Gouvernant la Libye d’une main de fer depuis bientôt 42 ans, Mouammar Kadhafi est le plus ancien dirigeant arabe et africain. Selon sa propre légende, il serait né sous une tente bédouine dans le désert de Syrte en 1942. Filippo Monteforte/AFP
En Libye, la décision a été accueillie par des scènes de liesse à Benghazi et Misrata, certains tirant en l’air, beaucoup agitant les drapeaux de la rébellion. « Justice a été rendue », s’est félicité le président du Conseil national de transition, organe politique des rebelles, Moustapha Abdeljalil.
La délivrance des mandats d’arrêt « souligne une fois de plus l’isolement croissant du régime », selon le secrétaire général de l’OTAN, Anders Fogh Rasmussen. Le président français Nicolas Sarkozy a de nouveau appelé M. Kadhafi à quitter le pouvoir, affirmant que le dirigeant libyen « sait parfaitement ce qu’il faut faire pour que la paix revienne » dans son pays, tandis que pour le chef de la diplomatie française, Alain Juppé, la question n’est pas de savoir si M. Kadhafi doit quitter le pouvoir, « mais comment et quand ». Pour Bernard Valero, porte-parole du Quai d’Orsay, « il résulte de cette décision (de la CPI), d’une signification majeure, la confirmation que M. Kadhafi a perdu toute légitimité et qu’il est entièrement isolé ». Le ministre britannique des Affaires étrangères, William Hague, a pressé l’entourage de M. Kadhafi à « le lâcher » ou « à rendre des comptes ». De son côté, Jay Carney, porte-parole de la Maison-Blanche, a estimé « qu’il s’agit d’un nouvel indice du fait qu’il (Kadhafi) a perdu sa légitimité ». Les États-Unis sont convaincus que « le vent a désormais tourné » contre le régime Kadhafi, a déclaré William Burns, secrétaire d’État adjoint chargé des Affaires politiques. Il a souligné que Washington est déterminé, avec ses alliés, à « maintenir la pression » contre le régime libyen car « seul un départ de M. Kadhafi peut assurer un avenir stable à la Libye ». « Ne pas arrêter et ne pas poursuivre les hommes accusés enverrait un message troublant », a de son côté soutenu Michael Bochenek, de l’organisation de défense des droits de l’homme Amnesty International. L’ONG Human Rights Watch a, quant à elle, estimé qu’en délivrant de tels mandats, la CPI « démontre que le droit peut même rattraper ceux que l’on a longtemps crus » intouchables.

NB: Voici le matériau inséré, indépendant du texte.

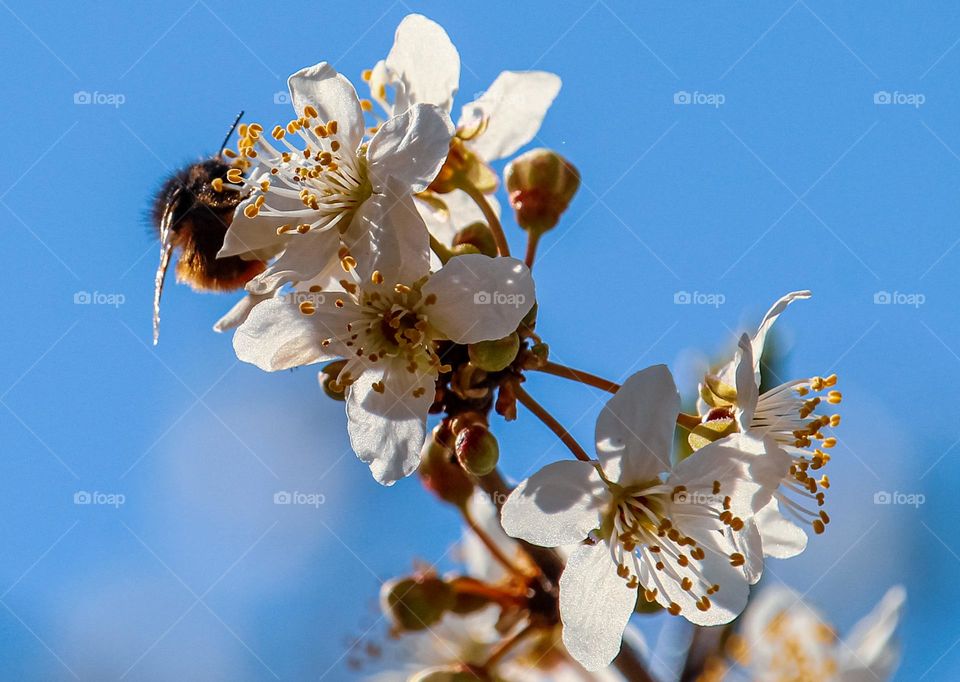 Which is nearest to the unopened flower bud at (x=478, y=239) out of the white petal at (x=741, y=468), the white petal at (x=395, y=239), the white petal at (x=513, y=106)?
the white petal at (x=395, y=239)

Les efforts diplomatiques se poursuivent
Seule voix discordante, celle du président sud-africain Jacob Zuma qui s’est dit désappointé par la décision de la CPI. Cette décision intervient en effet au lendemain d’une réunion des médiateurs de l’Union africaine (UA) sur la Libye, dimanche à Pretoria. Les médiateurs ont annoncé, dans un communiqué publié à l’issue de cette réunion, « la décision du colonel Kadhafi de ne pas faire partie du processus de négociations » sur l’issue du conflit, y voyant une concession de la part du dirigeant libyen. M. Zuma craint donc que les efforts de l’UA ne soient maintenant sapés.
Par ailleurs, les efforts diplomatiques se poursuivent. L’envoyé spécial libyen Slimane Chahoumi, arrivé dimanche à Alger en provenance de Tunisie, a été reçu hier par les présidents du Sénat, Abdelkader Bensalah, et de l’Assemblée nationale populaire, Abdelaziz Ziari, a rapporté l’agence APS. Des discussions ont actuellement lieu dans le sud de la Tunisie, à Djerba, sur l’avenir de la Libye. Deux ministres libyens y ont rejoint le ministre des Affaires étrangères Abdellatif al-Obeïdi, a rapporté hier l’agence tunisienne TAP. Concernant ces négociations, l’UE a souligné que toute solution au conflit libyen impliquant le colonel Kadhafi « n’est pas acceptable ». « Il faut que Kadhafi se retire » avant toute négociation et il faut un cessez-le-feu « sans condition », a dit Michael Mann, porte-parole de la chef de la diplomatie Catherine Ashton.